Learning Spark, Chapter 9: Spark SQL

https://spark.apache.org/docs/latest/sql-programming-guide.html

https://www.datacamp.com/community/tutorials/apache-spark-tutorial-machine-learning

Demonstration of several useful DataFrame operations:  
https://docs.databricks.com/spark/latest/dataframes-datasets/introduction-to-dataframes-python.html

### OBJECTIVES
- Introduction to Spark SQL, the interface for working with structured and semistructured data
- Introduce DataFrames and show basic functionality
- Implement queries using Spark SQL
- Execute tasks including filtering and aggregations using Spark DataFrames

### CONCEPTS AND FUNCTIONS
- Spark SQL
- Temp table
- Dataset and DataFrame
- Aggregations with groupBy()

---  

### 1. Overview

Two important ways of working with big data in Spark: 

- Through Spark SQL
- Using DataFrames

They also interoperate

### 2. SQL in Ten Seconds (tongue in cheek)


SQL is a structured query language used to communicate with relational databases.  
Commands include CREATE, SELECT, UPDATE, ALTER, INSERT INTO, DROP, DELETE.  
This course will use SELECT.

### 3. Spark SQL Capabilities:

- Load data from various structured formats including JSON, Hive, Parquet  
- Query data using SQL inside Spark or from external tools that connect to Spark (e.g., `Tableau`) 
- Spark SQL integrates between SQL and Python/Java/Scala/R code. Can do things like join RDDs and SQL tables.

### 4. Note on Spark SQL Development

- Spark SQL has been heavy development area in new releases 
- As the module involves massive amounts of data, optimizing operations is valuable
 
---

### 5. Dataset and DataFrame

- A Dataset is a distributed collection of data   
- A Dataset can be constructed from JVM objects
- It can be manipulated using functional transformations (`map()`, `flatMap()`, `filter()`, etc.)  
- A DataFrame is a Dataset organized into named columns   

In practice, you will be thinking in terms of `DataFrames`, and not `Datasets`.  

For users familiar with dataframes from R and Python, they are similar, yet with operations distinct to Spark.  

As an example, adding a new column to a DataFrame is executed using `withColumn()`.  

This may feel more formal compared to R and Python.  

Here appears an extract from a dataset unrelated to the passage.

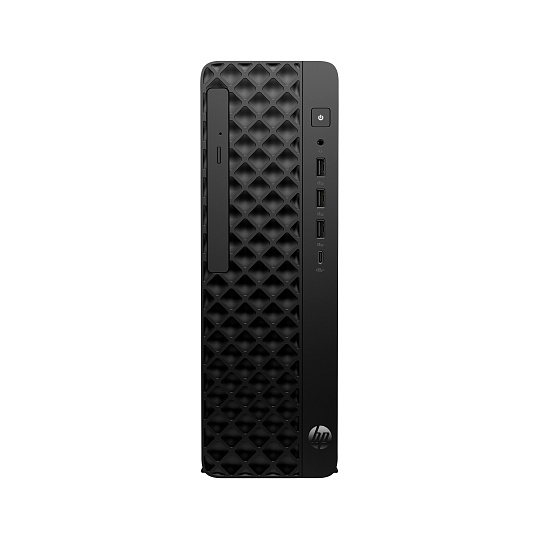 HP PC ProDesk SFF 2 G1i i5-14500, 2x8 GB DDR5, 512GB, Intel HD,kl.+myš,180W gold, grafické výstupy: DP+HDMI,Win11Pro HP PC ProDesk SFF 2 G1i i5-14500, 2x8 GB DDR5, 512GB, Intel HD,kl.+myš,180W gold, grafické výstupy: DP+HDMI,Win11Pro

Additionally - when compared to R and Python: 

**The Spark DataFrame is built up from RDDs.    
It inherits the properties of distributed data, lazy execution, DAGs.**  

DataFrames can be constructed from a wide array of sources such as:  
structured data files, tables in Hive, external databases, or existing RDDs.  

The DataFrame API is available in Scala, Java, Python, and R. 

---

### 6. DataFrames vs RDDs  

When is it better to use DataFrames, and when is it better to use RDDs?  

Here are some recommendations:   

- In general, most work can be done with DataFrames  

- Use DataFrames to use high-level expressions, to perform SQL queries to explore the data, and to gain columnar access.

**When to use DataFrames**

- If you are thinking about the data by field names, you probably want the data in a DataFrame

- For machine learning and building predictive models, DataFrames are recommended.  
  You will be exploring the data by column, and building features from the columns of data.

**When to use RDDs**
  
- RDDs can be useful to perform low-level transformations and actions on unstructured data.  
  For example, filtering strings and performing other simple transformations on text is best done with RDDs.  
  In these cases, the analyst doesn't care about field names, and there is no need to impose schema on the data.  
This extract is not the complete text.